Ces trois amendements posent une question, qui dépasse le seul contexte des infractions sexuelles sur mineurs. Notre droit, au contraire du régime juridique anglo-saxon, fait dépendre le délai de prescription de la gravité des faits. Je ne partage pas entièrement les arguments développés par François Pillet mais, en matière de hiérarchie des infractions, l'imprescriptibilité proposée interroge. Pourquoi l'assassinat de dix personnes serait-il plus rapidement prescrit qu'une infraction sexuelle sur mineur, aussi grave soit-elle ?
Avec ces amendements, nous tournons en réalité autour de la question complexe de l'amnésie traumatique et de ses conséquences sur la prescription.
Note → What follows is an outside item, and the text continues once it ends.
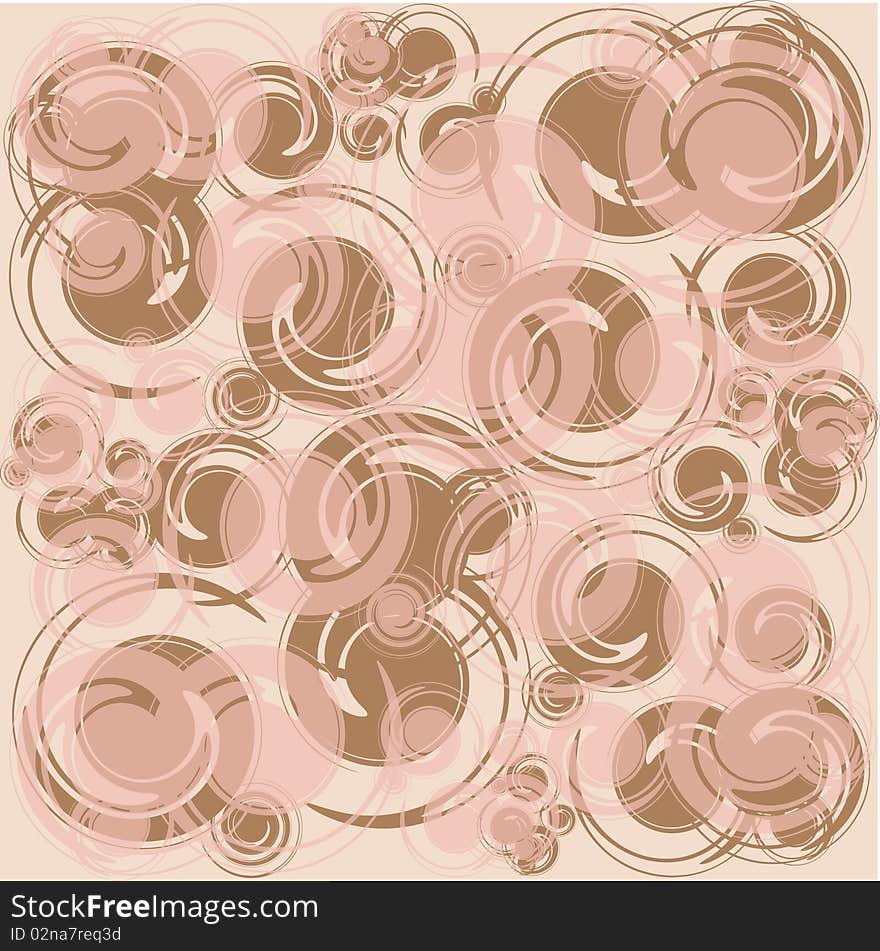 Cappuccino background with curly waves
La Cour européenne des droits de l'homme (CEDH) s'est, dans un arrêt du 22 octobre 1996, prononcée sur le délai de prescription des infractions sexuelles commises à l'encontre des mineurs : après un certain délai, les faits ne peuvent plus être jugés sans remettre en cause le droit au procès équitable. Nous sommes toutefois déjà, pour ces infractions, dans un régime juridique dérogatoire, puisque le délai de prescription ne court qu'à compter de la majorité de la victime, qu'il a récemment été doublé et que nous nous apprêtons à l'allonger encore. N'allons pas au-delà !
Au regard du grand nombre de signataires de ces amendements appartenant à la majorité sénatoriale, je m'interroge cependant sur la position de cette dernière sur la question qu'ils soulèvent. Quoi qu'il en soit, le groupe socialiste et républicain y est défavorable.